Lo comprobé con el artículo de la anterior semana, en el que intenté mantenerme lo más neutral posible y, a cambio, recibí quejas y reproches. Advertí que en la mayoría de los mensajes me pedían tomar partido; es decir, que me ubique entre los que cuestionan a Guevara, a quien consideran un invasor y asesino, o entre quienes no solo lo defienden sino que lo veneran. En este caso no podía hacer eso. Soy un ser humano y, como tal, subjetivo así que no puedo hablar de objetividad. Tampoco puedo ser imparcial porque, como todos, tengo simpatías y antipatías pero el trabajo periodístico tiene normas elementales y una de ellas es mantenerse en el papel de observador. El periodista cuenta lo que ve, lo que encuentra, lo que le consta. Es un puente entre el hecho y la sociedad. Si toma partido, deja de ser observador y se convierte en parte. Rompe el puente y se vuelve orilla.

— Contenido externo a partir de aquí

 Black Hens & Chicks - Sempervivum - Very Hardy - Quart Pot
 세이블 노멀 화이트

Una columna de opinión permite opinar pero yo intento que esta sea, en lo posible, informativa, que no necesariamente significa noticiosa.
Por el tiempo transcurrido —medio siglo— el tema del Che Guevara tira más a la historia que a la noticia pero, a contrapelo de lo que muchos opinan, siempre hay algo nuevo. Lo último que se publicó, por ejemplo, es que el agente de la CIA que coordinó labores con el gobierno boliviano hace cincuenta años, Félix Rodríguez, reveló que Washington quería vivo al Che. No sé cuánto habrá costado la entrevista, porque el exagente suele cobrar a los medios que lo ubican, pero sí sé que esta vez no está mintiendo. Un boliviano, Guido Roberto Peredo Montaño, tuvo acceso a documentos desclasificados de la CIA que confirman la versión de Rodríguez. Todo indica que el gobierno de Estados Unidos sabía que, si se mataba al Che, se lo iba a convertir en un ídolo, en un icono de la revolución que se buscaba destruir, pero el de Barrientos desoyó toda exhortación en ese sentido y prefirió liquidar al famoso guerrillero al que había capturado vivo.

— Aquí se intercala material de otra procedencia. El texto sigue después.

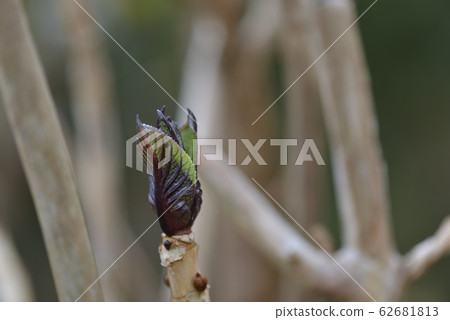Hydrangea bud standing Hydrangea bud standing 62681813
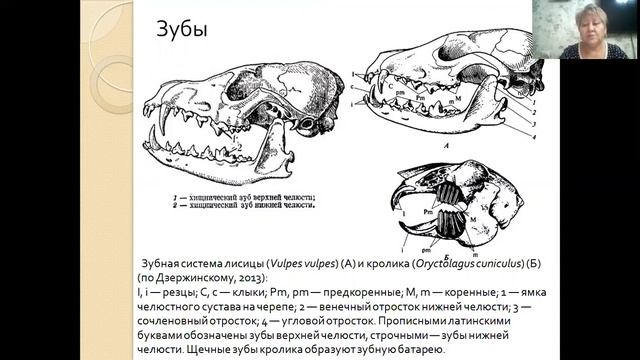 Хищные млекопитающие смотреть онлайн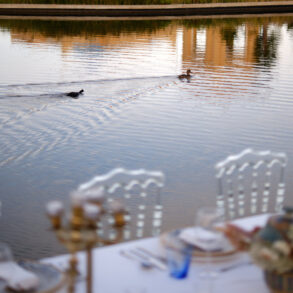 Two birds swimming in a pond by a table.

Ese es un tema importante ya que permite debatir sobre cuestiones de soberanía e injerencia que son claves cuando se habla de una “invasión extranjera”.
Yo estudié la muerte del Che porque recibí el encargo periodístico de encontrar a su asesino, al verdadero, al que le disparó en el cuartucho de la escuelita de La Higuera. Por razones incomprensibles, el presidente Evo Morales endilgó primero ese hecho a Gary Prado Salmón, con el que el gobierno se ensañó judicialmente, y recientemente dijo que el asesino fue Félix Rodríguez. No entiendo cómo es que en el gobierno no existen estudiosos de la historia que le expliquen cómo sucedieron las cosas. Yo encontré al asesino del Che junto a un colega español, Ildefonso Olmedo, y llegué a la conclusión de que el ejecutor, Mario Terán Salazar, no solo actuó por seguir órdenes sino que tuvo razones personales para liquidar a Guevara. Con ese trabajo aprendí un poco más de ese episodio de nuestra historia. Hallé al asesino y escribí sobre eso junto a Ildefonso. Publicamos lo que vimos, escuchamos y encontramos. No opinamos ni tomamos partido.
Escribo sobre la muerte del Che, no sobre la pre y post guerrilla, porque conozco el tema. Escribo como observador, no como acusador ni defensor. No insistan en arrastrarme a sus odios.
(*) Juan José Toro es Premio Nacional en Historia del Periodismo.